___ Information provided

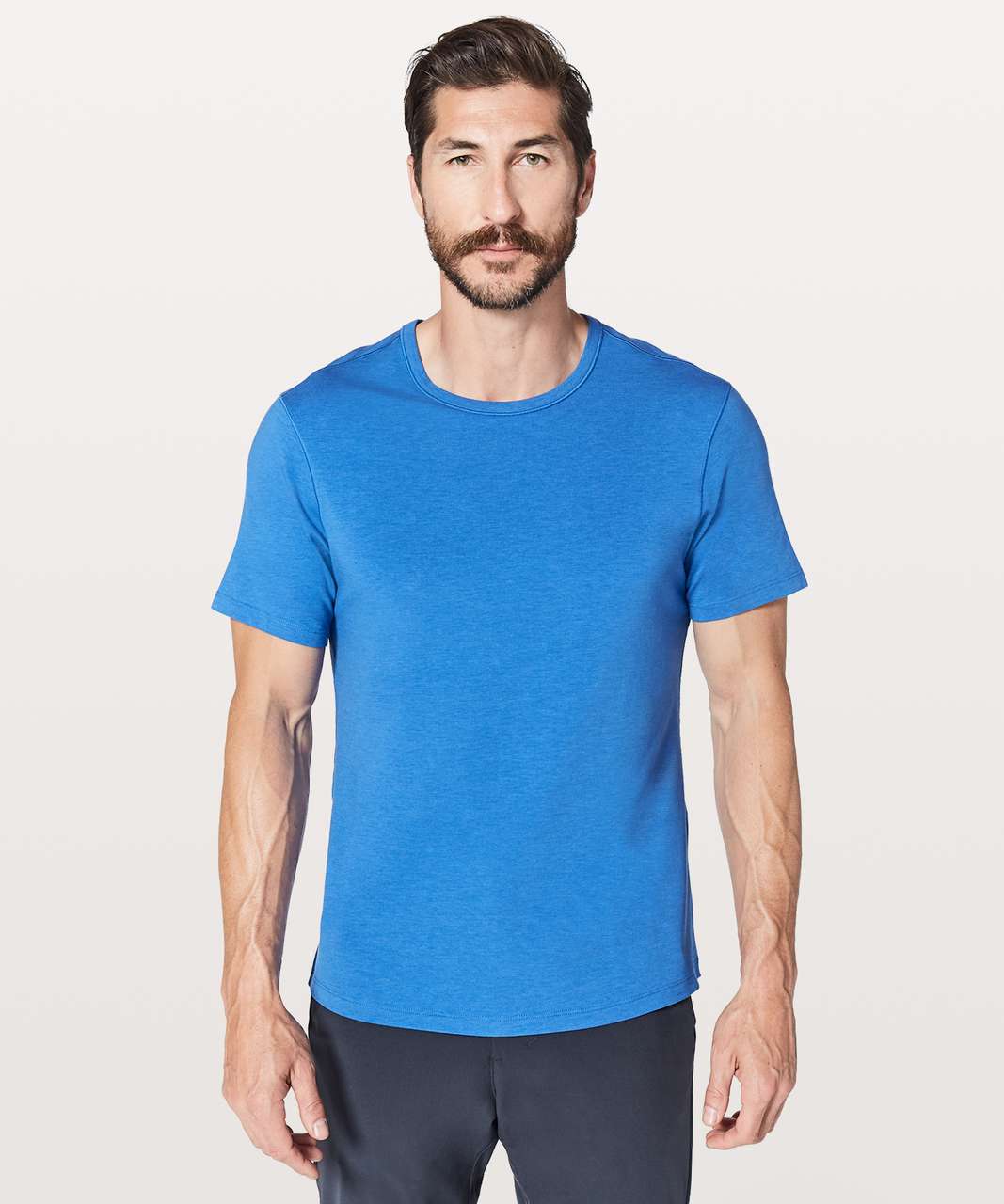 Lululemon 5 Year Basic Tee - Admiral Blue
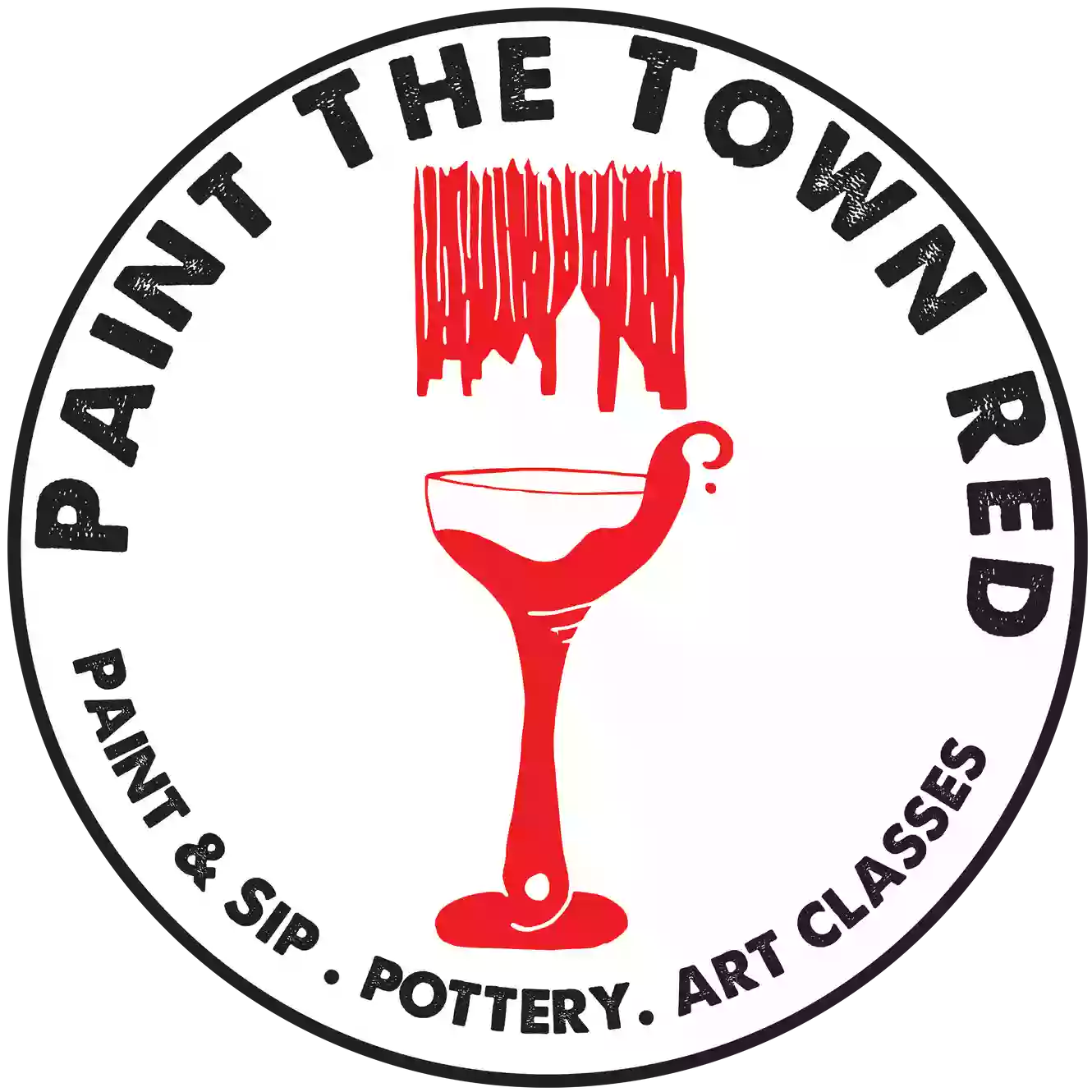 Paint the Town Red Art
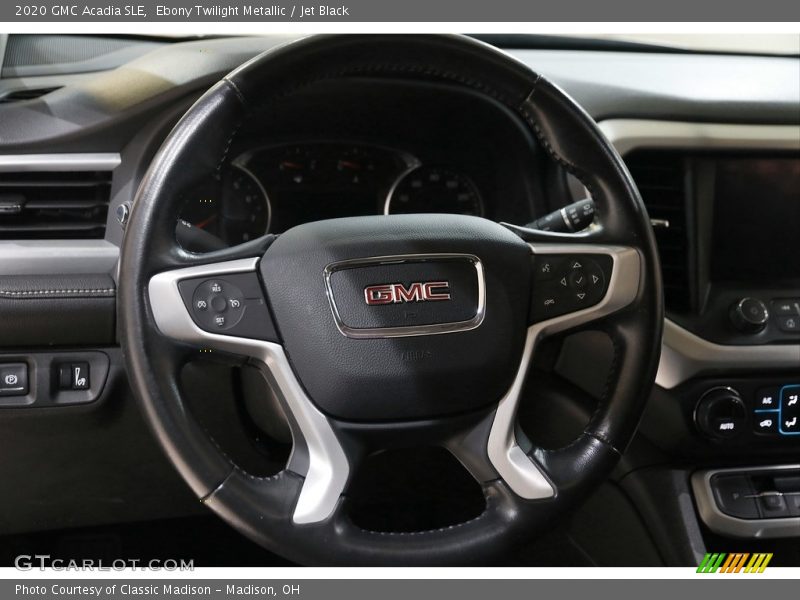 Ebony Twilight Metallic / Jet Black 2020 GMC Acadia SLE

______

The task
From the line holding "Paint the Town Red Art" to the final line of the data above, give each line again exactly, both ends included, and drop the pictures.

Answer to the problem
 Paint the Town Red Art
 Ebony Twilight Metallic / Jet Black 2020 GMC Acadia SLE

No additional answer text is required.